About this exercise → Your answer must consist solely of the lines from the one containing "TCL P733W 3.1 400 W саундбар черен" through the last line of the records below, reproduced exactly, with all pictures omitted.

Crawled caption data
* * * * * * *

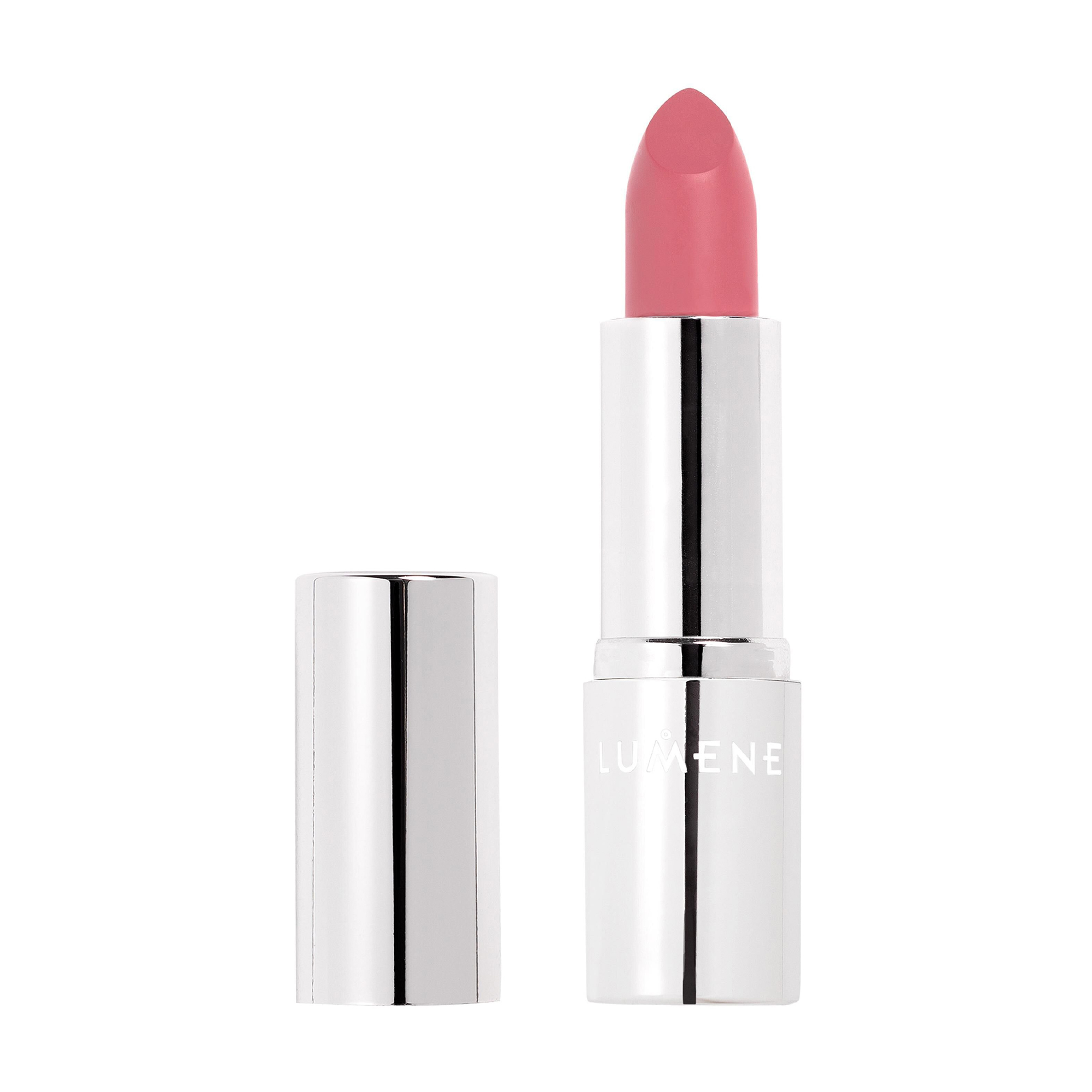 Зволожувальна помада для губ Lumene Luminous Moisture Lipstick 14 Frosty Petal, 4.7 г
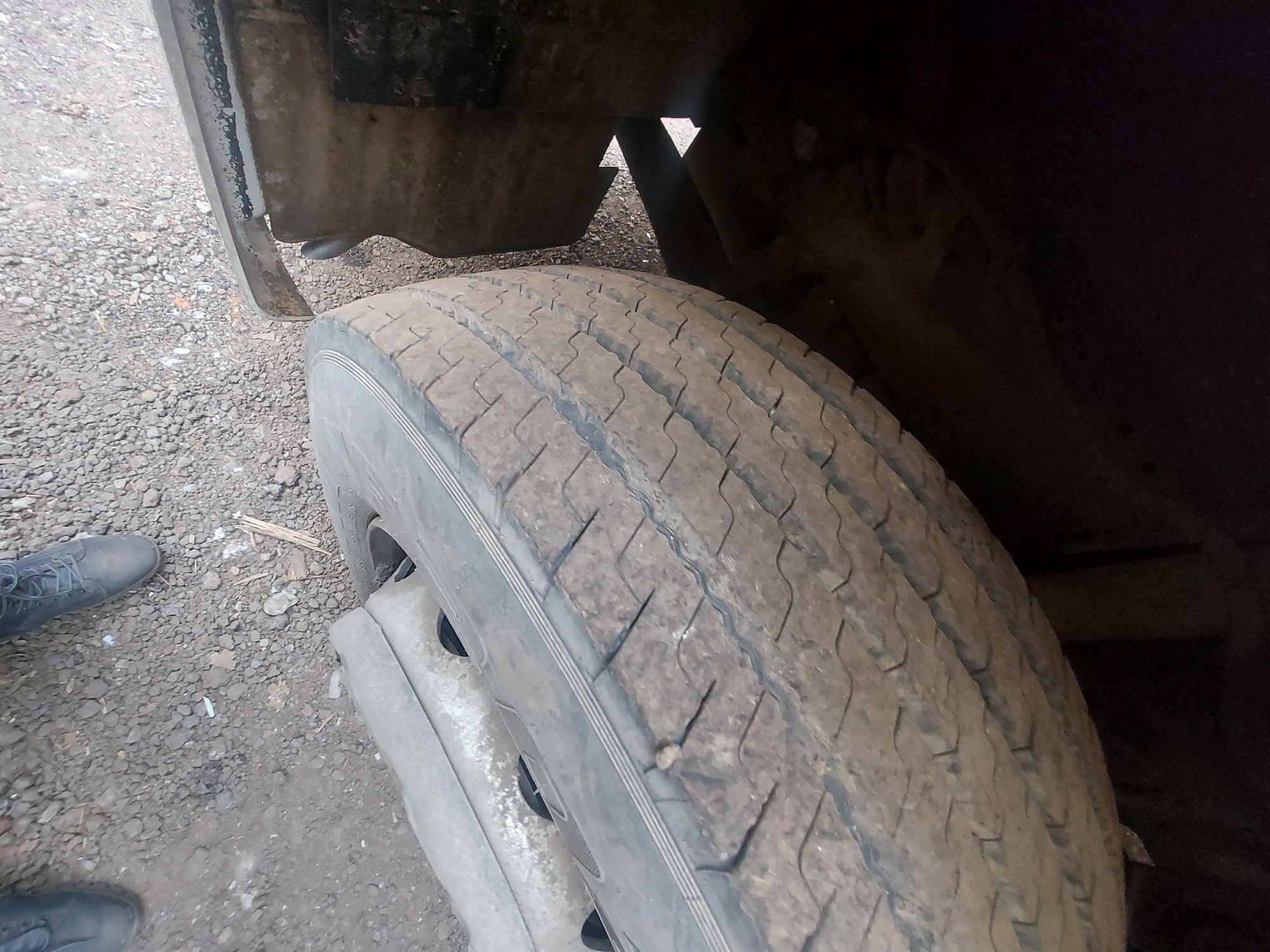 Рефрижератор на ш.КАМАЗ 5325 2022 г. - фото 47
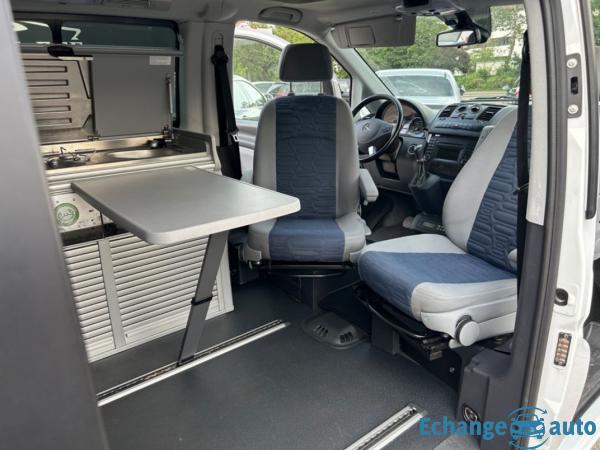 MERCEDES VIANO Viano 2.2 CDI marco polo 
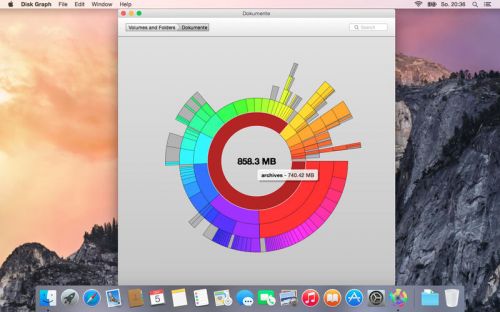 Disk Graph 1.2.5
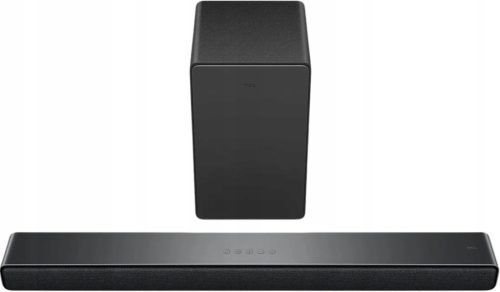  TCL P733W 3.1 400 W саундбар черен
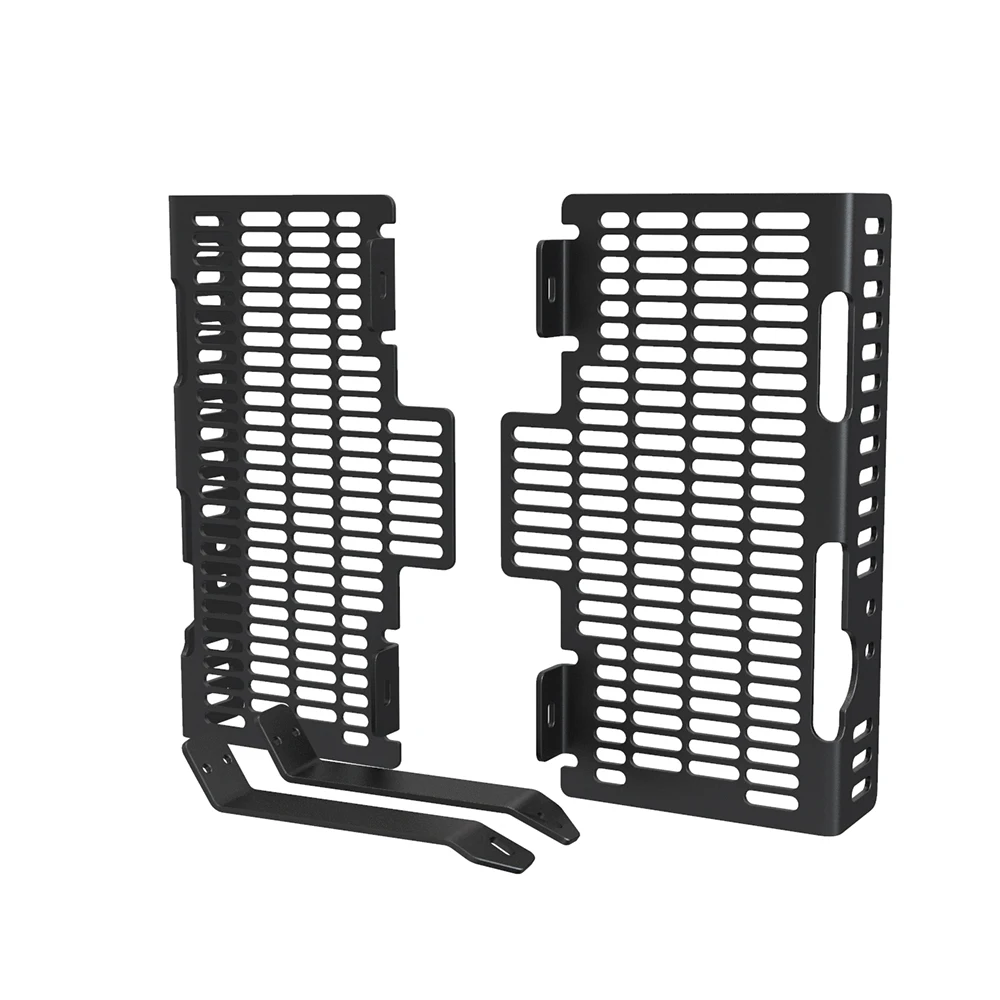 Аксессуары для мотоциклов CR 250 R 125 Защита радиатора Решетка гриля КРЫШКА ДЛЯ Honda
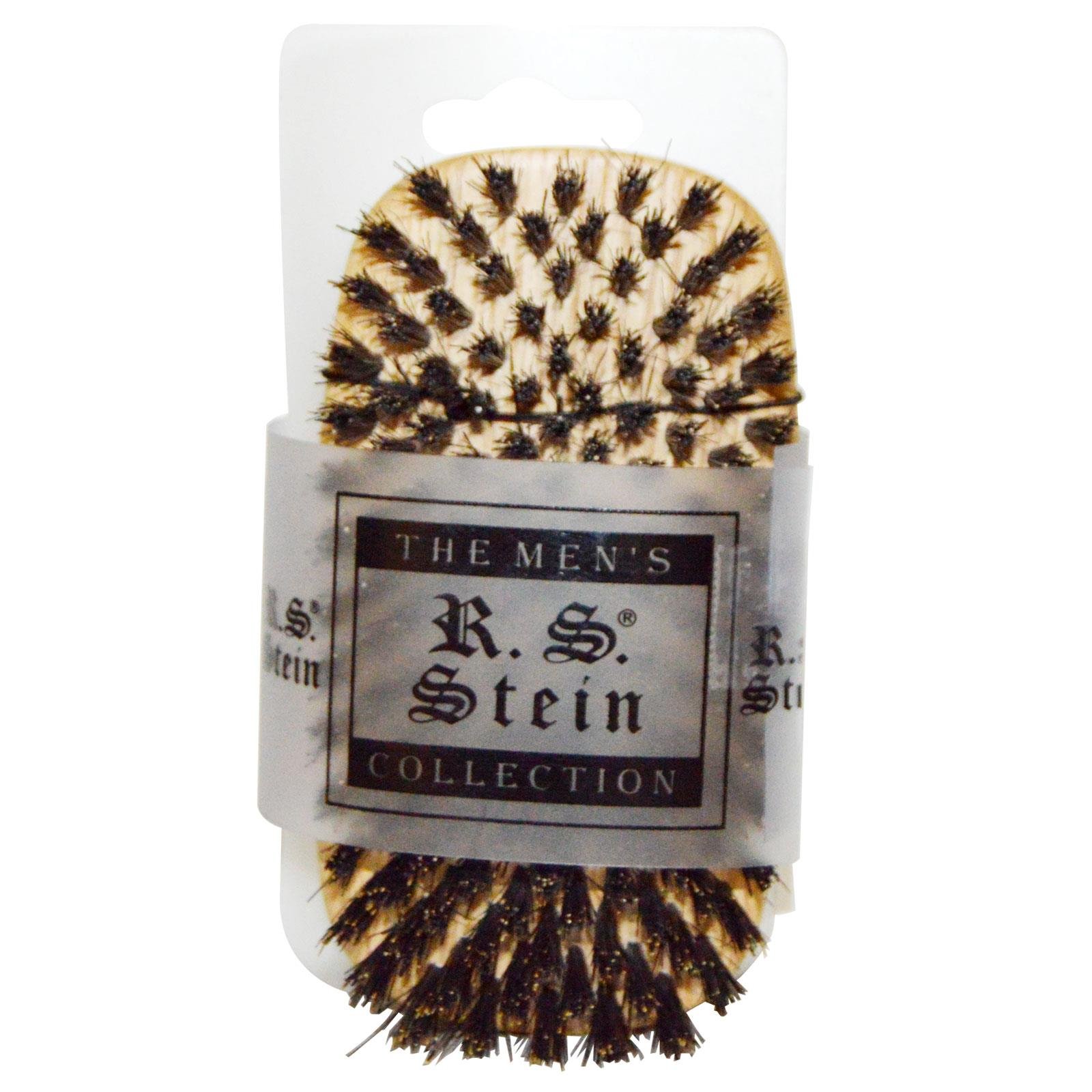 HAIR DOC Hair Brush Square Shape Firm, 1 EA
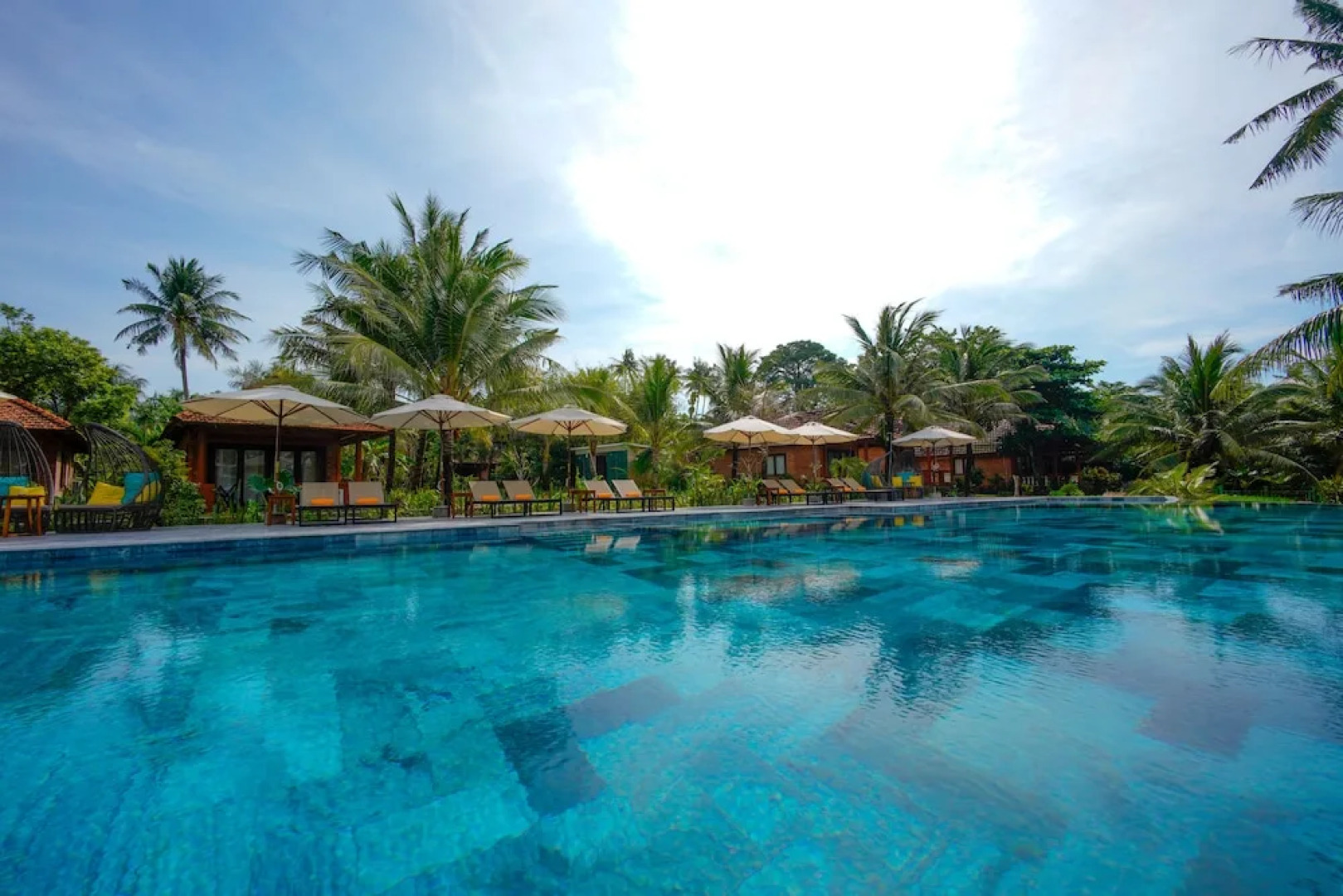 Thanh Kieu Beach Resort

* * * * * * *

Problem solution →
  TCL P733W 3.1 400 W саундбар черен
 Аксессуары для мотоциклов CR 250 R 125 Защита радиатора Решетка гриля КРЫШКА ДЛЯ Honda
 HAIR DOC Hair Brush Square Shape Firm, 1 EA
 Thanh Kieu Beach Resort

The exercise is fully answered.